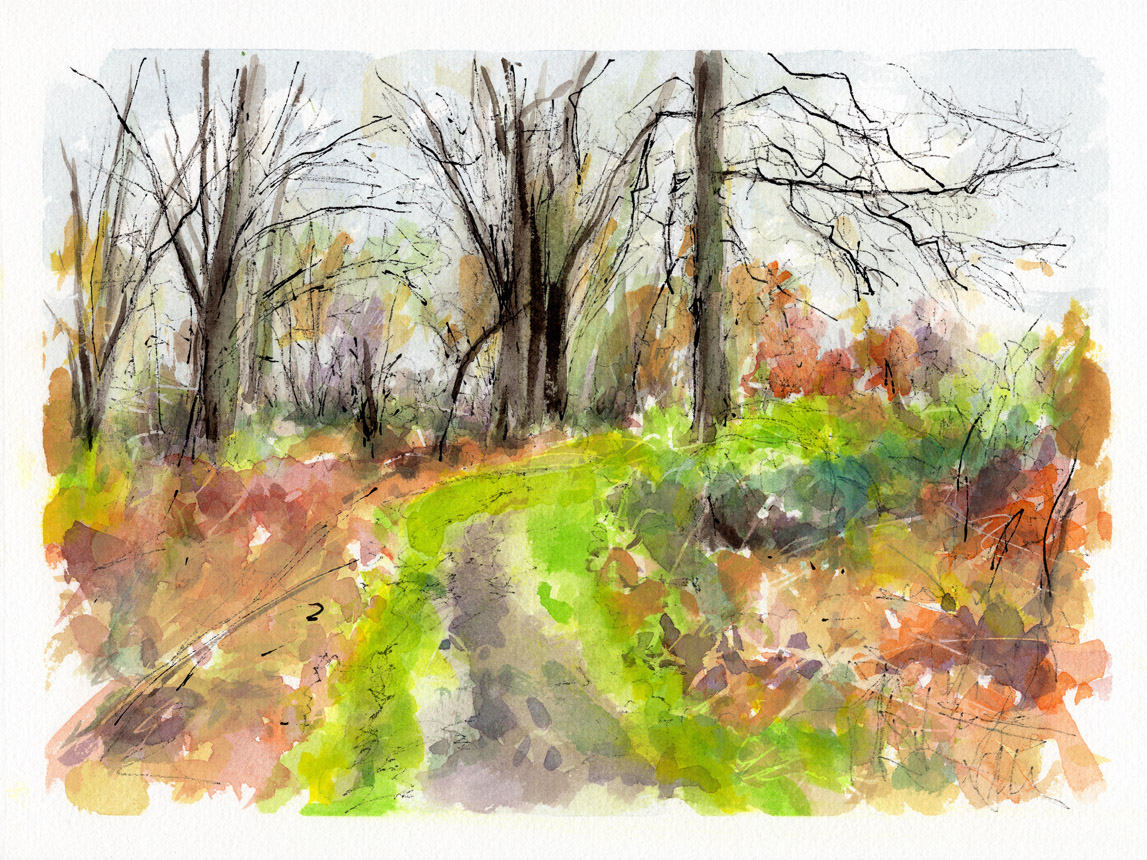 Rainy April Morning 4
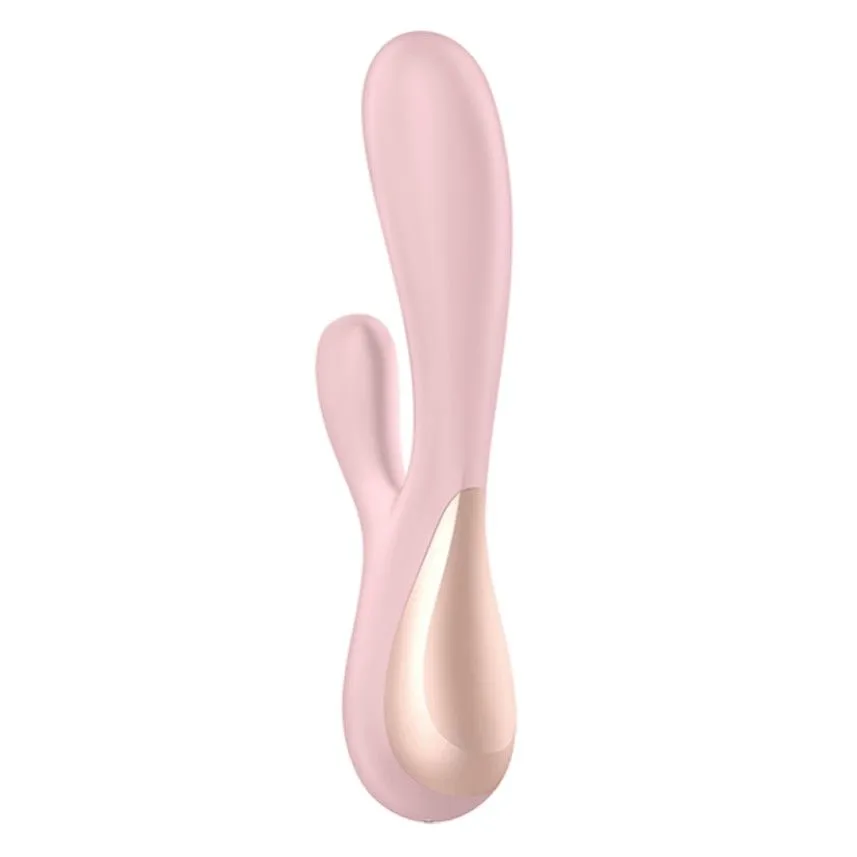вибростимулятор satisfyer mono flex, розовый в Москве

==

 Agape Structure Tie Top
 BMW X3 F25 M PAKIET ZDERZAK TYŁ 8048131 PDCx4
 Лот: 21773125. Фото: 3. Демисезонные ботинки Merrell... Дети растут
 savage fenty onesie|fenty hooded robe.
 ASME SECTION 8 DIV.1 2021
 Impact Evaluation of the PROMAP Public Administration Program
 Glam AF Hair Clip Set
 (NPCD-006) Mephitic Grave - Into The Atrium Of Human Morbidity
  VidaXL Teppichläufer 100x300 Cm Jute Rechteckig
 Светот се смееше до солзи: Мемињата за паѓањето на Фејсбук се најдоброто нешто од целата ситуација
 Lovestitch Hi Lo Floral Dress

--

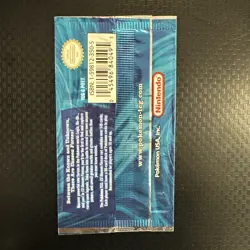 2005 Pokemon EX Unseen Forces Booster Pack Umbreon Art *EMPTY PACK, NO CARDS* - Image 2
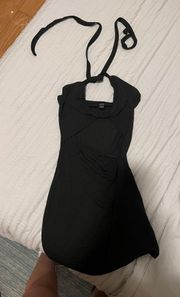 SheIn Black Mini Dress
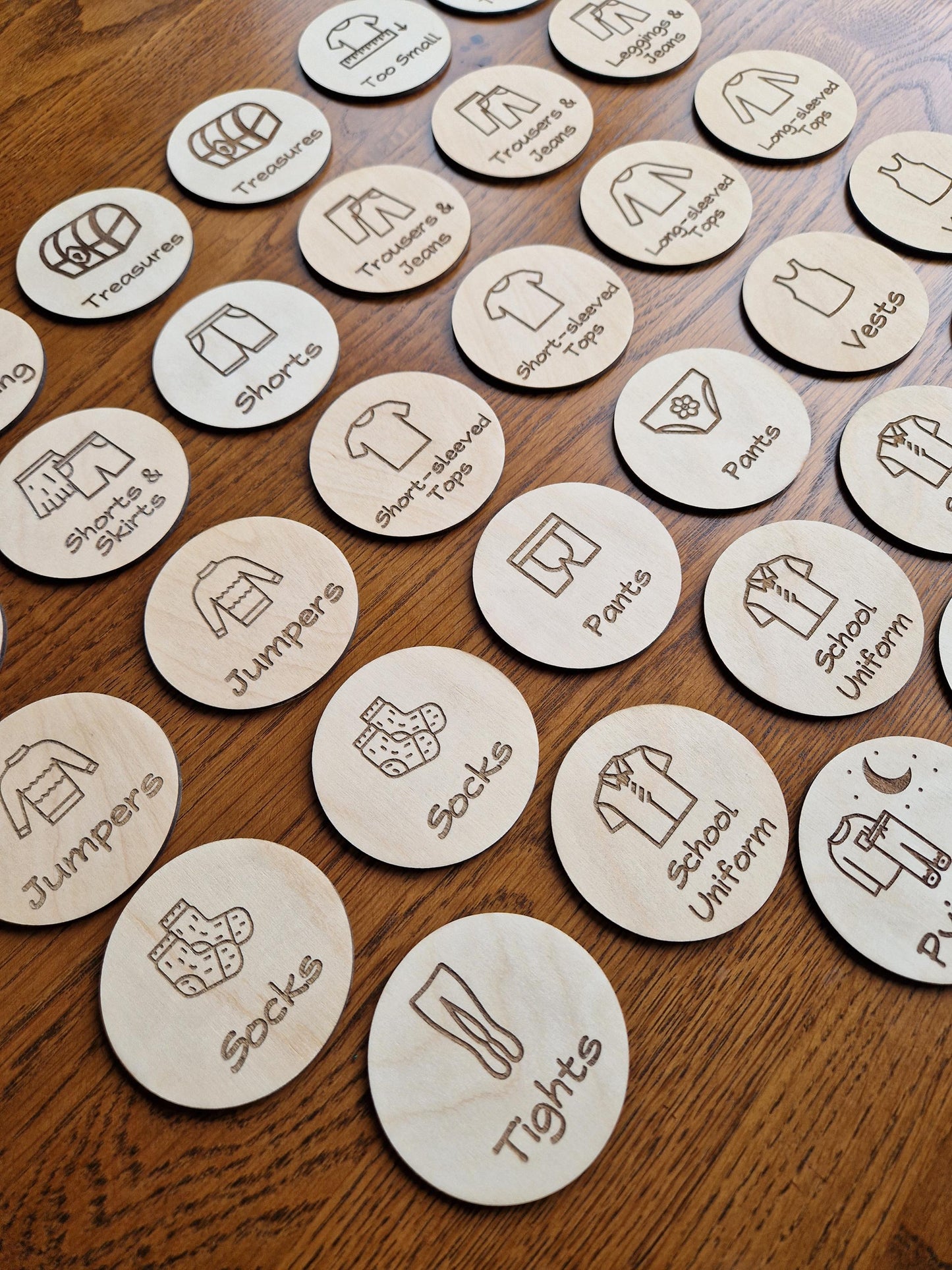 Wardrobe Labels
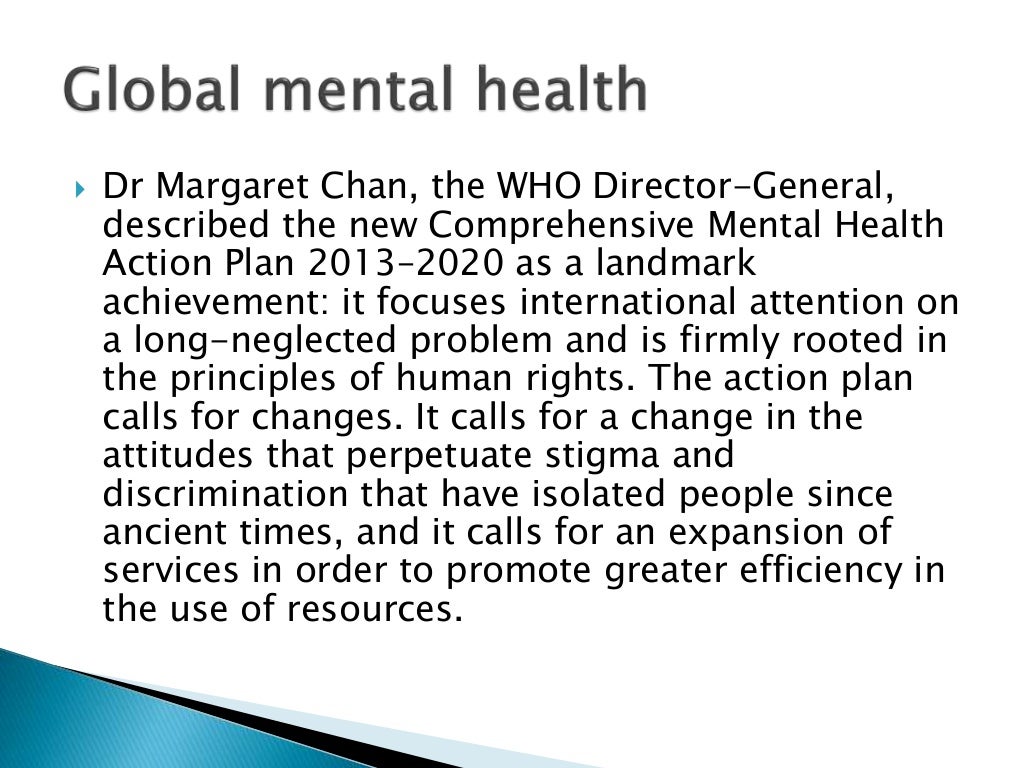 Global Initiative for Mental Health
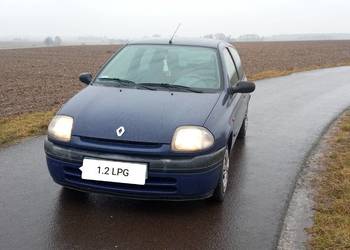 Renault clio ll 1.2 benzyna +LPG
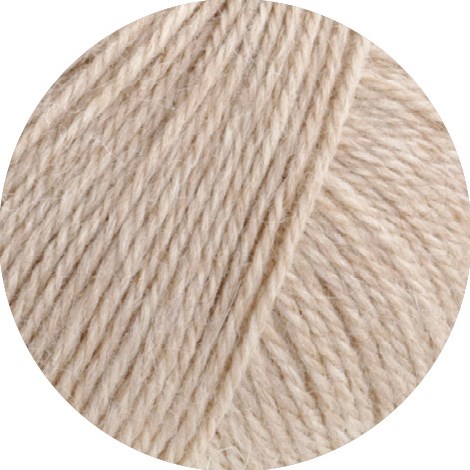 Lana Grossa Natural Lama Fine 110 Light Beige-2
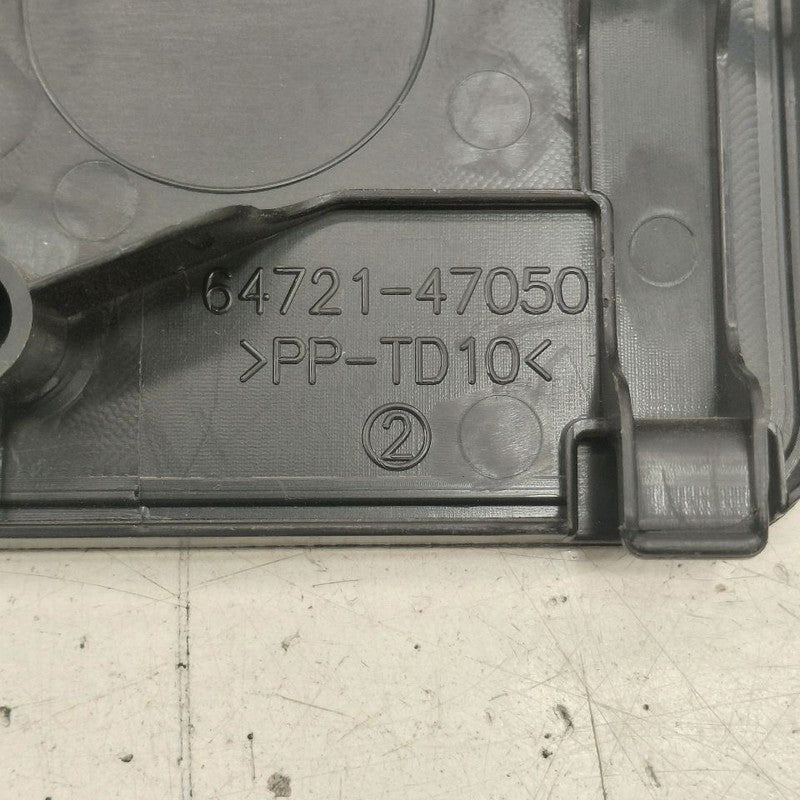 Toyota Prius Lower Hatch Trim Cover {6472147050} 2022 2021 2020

- EXERCISE DESCRIPTION -
Would you please write out, exactly and with no other lines, the stretch of the listing above from the line containing "Impact Evaluation of" through the line containing "Светот се смееше"?

- OUTPUT OF THE EXERCISE -
 Impact Evaluation of the PROMAP Public Administration Program
 Glam AF Hair Clip Set
 (NPCD-006) Mephitic Grave - Into The Atrium Of Human Morbidity
  VidaXL Teppichläufer 100x300 Cm Jute Rechteckig
 Светот се смееше до солзи: Мемињата за паѓањето на Фејсбук се најдоброто нешто од целата ситуација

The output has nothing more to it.